§ **WHAT THE TASK REQUIRES**:
Your answer should hold exactly the lines below from the line with "Amazon Basics Lucchetto" through the line with "Set of cute vector Halloween elements", both included, and no pictures at all.

(Source records)
►

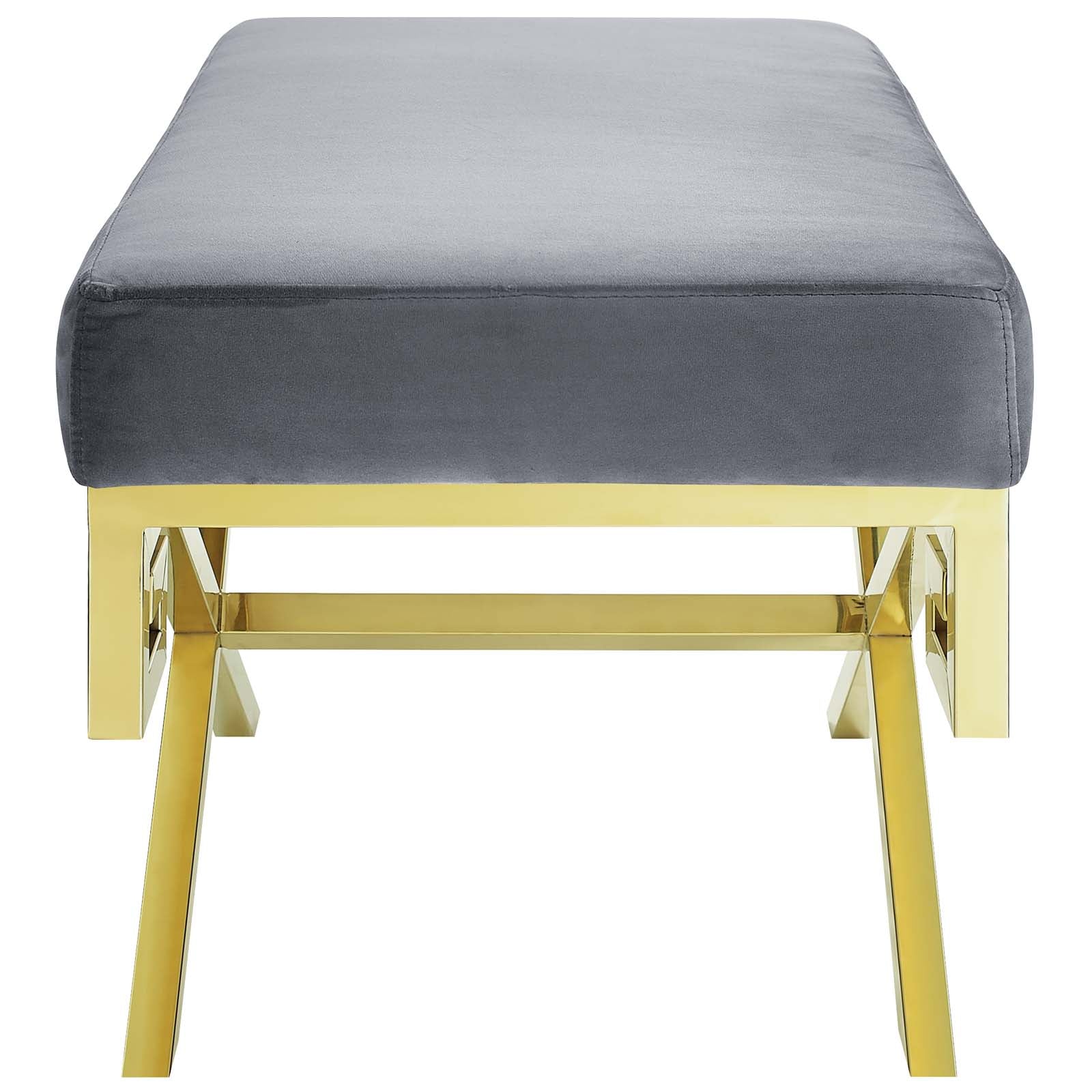 Modway Benches - Rove Velvet Performance Velvet Bench Gold Gray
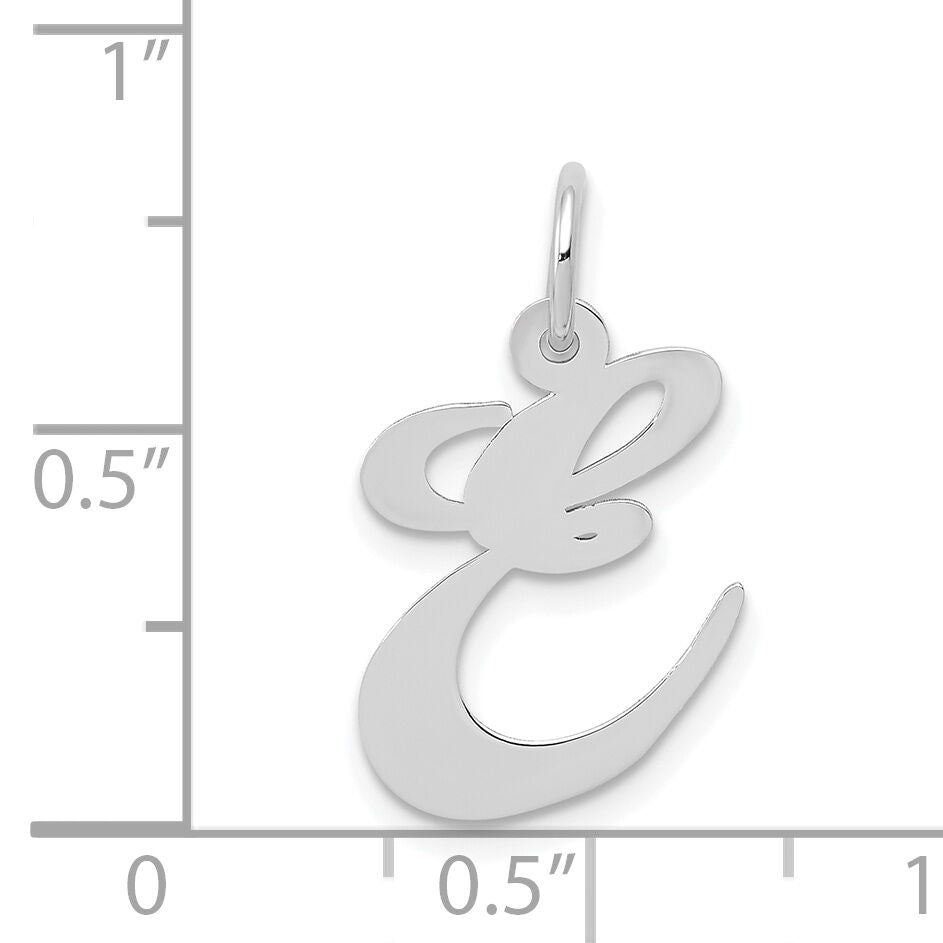 14K White Gold Medium Fancy Script Letter E Initial Charm-YC653E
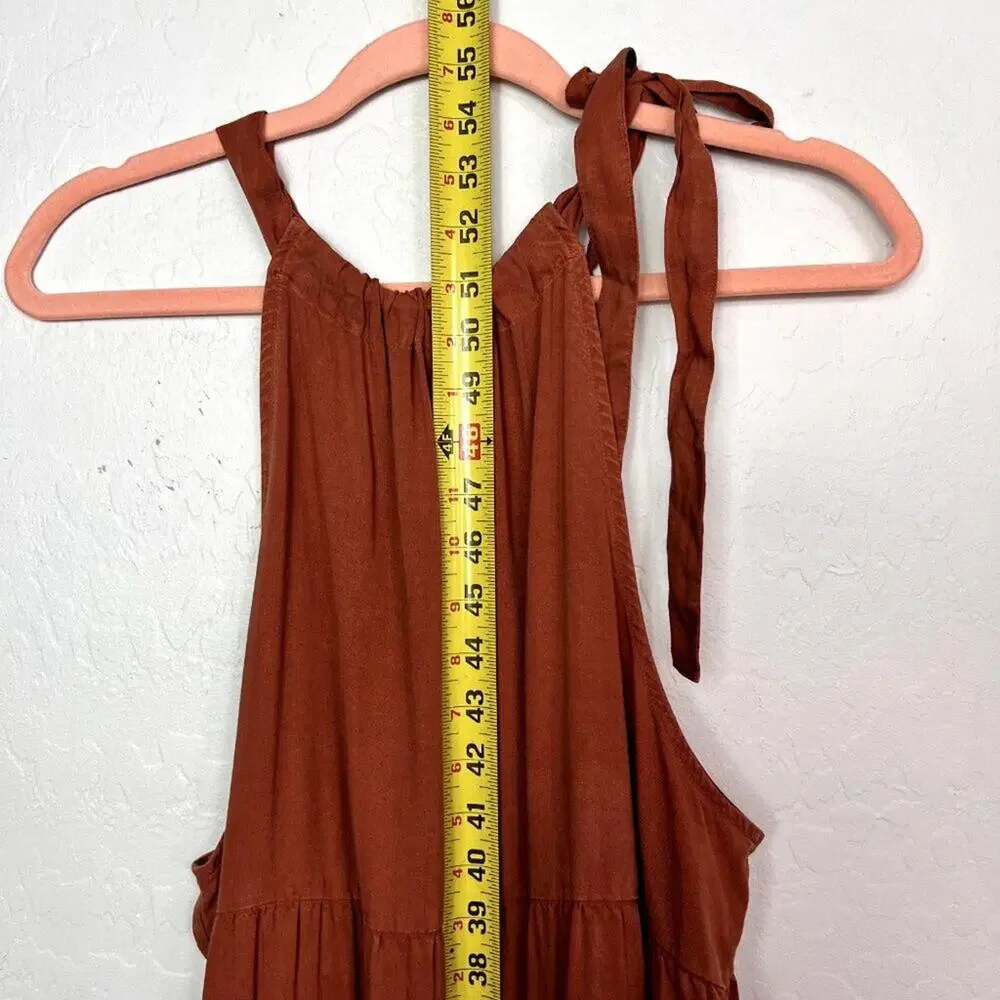 Cloth and Stone Dress Size M Halter Midi Orange Lyocell Neck Tie Tiered Flounce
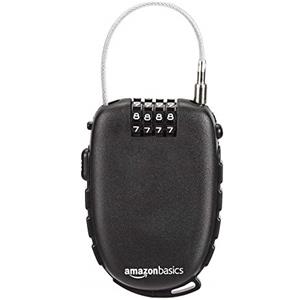 Amazon Basics Lucchetto a 4 cifre, AB-BL101, con cavo retrattile, Combinazione, confezione da 1, nero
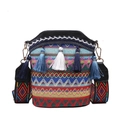 Bolso cubo bordado de estilo bohemio étnico con flecos coloridos y correa ancha tejida - Negro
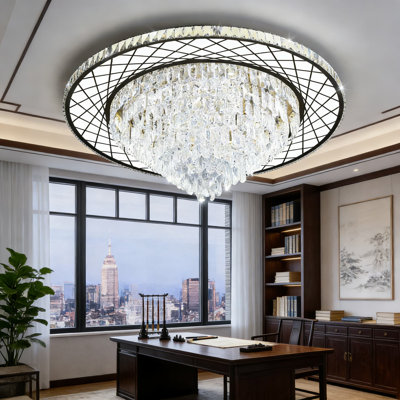 Modern Crystal Chandelier For High Ceilings, 39.3 Inch Dimmable LED Lighting Fixture For Living Room, Dining Room, Entryway, Black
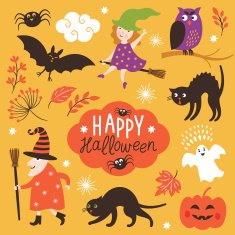 Set of cute vector Halloween elements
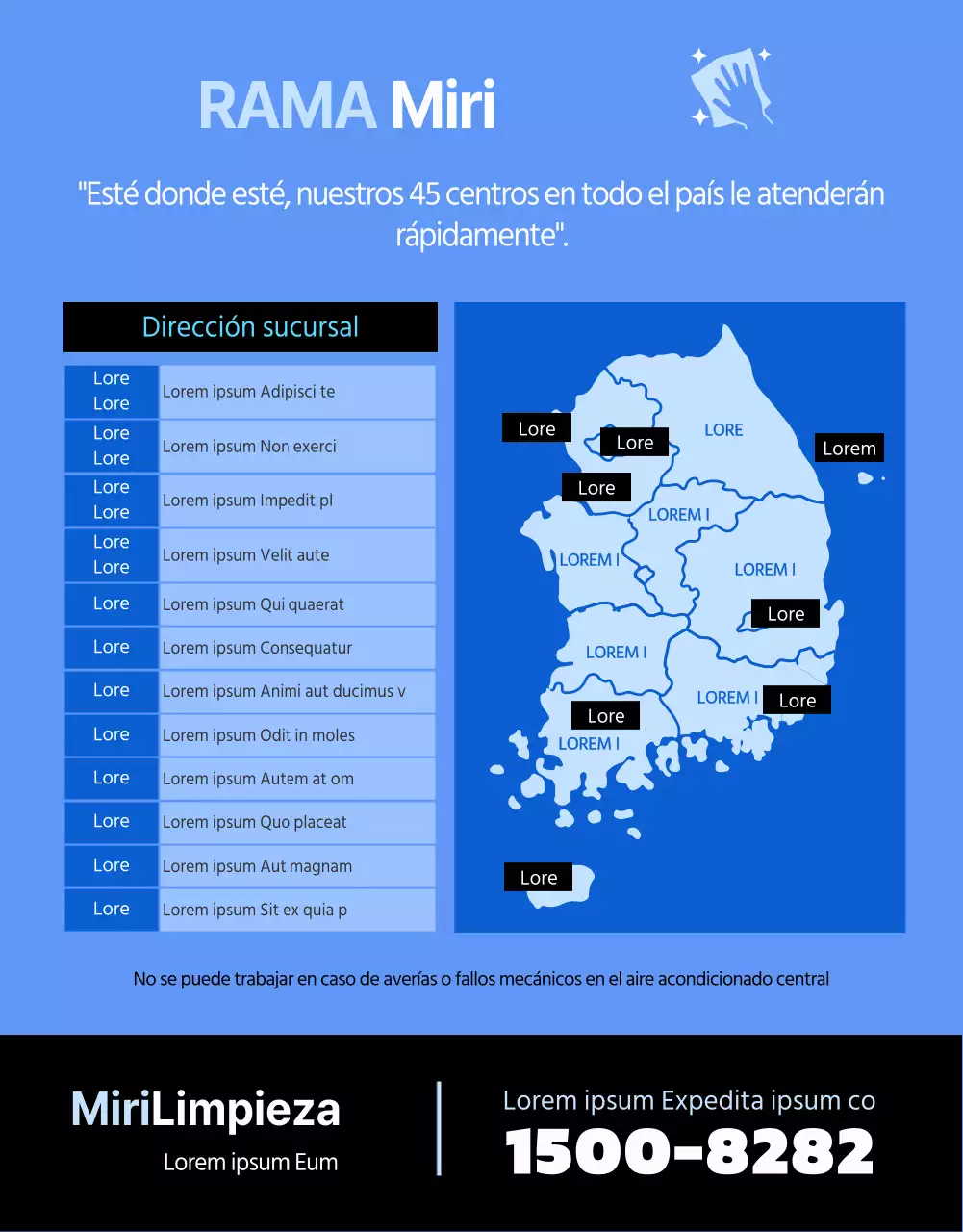 Aire acondicionado limpio y fresco en blanco y azul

◄

§ **OUTPUT**:
 Amazon Basics Lucchetto a 4 cifre, AB-BL101, con cavo retrattile, Combinazione, confezione da 1, nero
 Bolso cubo bordado de estilo bohemio étnico con flecos coloridos y correa ancha tejida - Negro
 Modern Crystal Chandelier For High Ceilings, 39.3 Inch Dimmable LED Lighting Fixture For Living Room, Dining Room, Entryway, Black
 Set of cute vector Halloween elements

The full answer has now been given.